Below is a listing. Copy each line of it that holds the word "Mini".

===== Material for this exercise =====

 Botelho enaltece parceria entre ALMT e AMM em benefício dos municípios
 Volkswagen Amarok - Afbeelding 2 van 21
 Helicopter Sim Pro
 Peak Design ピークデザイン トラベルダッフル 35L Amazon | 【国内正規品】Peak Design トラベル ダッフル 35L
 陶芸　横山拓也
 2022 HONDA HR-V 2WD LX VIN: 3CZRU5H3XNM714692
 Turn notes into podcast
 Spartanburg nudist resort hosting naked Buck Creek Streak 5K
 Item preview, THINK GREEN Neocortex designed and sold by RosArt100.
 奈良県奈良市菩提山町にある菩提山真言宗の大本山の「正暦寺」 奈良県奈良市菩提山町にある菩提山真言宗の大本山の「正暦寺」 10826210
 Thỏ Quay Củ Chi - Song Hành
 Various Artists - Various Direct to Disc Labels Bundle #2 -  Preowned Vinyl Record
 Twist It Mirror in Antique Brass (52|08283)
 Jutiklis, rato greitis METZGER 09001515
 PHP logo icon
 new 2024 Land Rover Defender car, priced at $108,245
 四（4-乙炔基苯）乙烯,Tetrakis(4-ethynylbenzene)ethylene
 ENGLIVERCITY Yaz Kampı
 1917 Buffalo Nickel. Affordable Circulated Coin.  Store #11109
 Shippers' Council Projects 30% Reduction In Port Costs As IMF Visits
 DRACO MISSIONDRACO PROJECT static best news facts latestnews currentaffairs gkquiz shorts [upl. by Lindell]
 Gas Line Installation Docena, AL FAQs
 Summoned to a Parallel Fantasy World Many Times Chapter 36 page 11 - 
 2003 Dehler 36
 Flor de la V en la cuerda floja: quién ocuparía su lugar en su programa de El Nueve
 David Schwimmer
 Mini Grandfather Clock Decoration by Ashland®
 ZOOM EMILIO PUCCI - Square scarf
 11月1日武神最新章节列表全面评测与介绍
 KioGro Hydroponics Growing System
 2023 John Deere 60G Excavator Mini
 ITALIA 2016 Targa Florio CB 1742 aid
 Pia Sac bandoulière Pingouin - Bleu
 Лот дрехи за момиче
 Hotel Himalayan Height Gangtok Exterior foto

=====

__Result for this task__:
 Mini Grandfather Clock Decoration by Ashland®
 2023 John Deere 60G Excavator Mini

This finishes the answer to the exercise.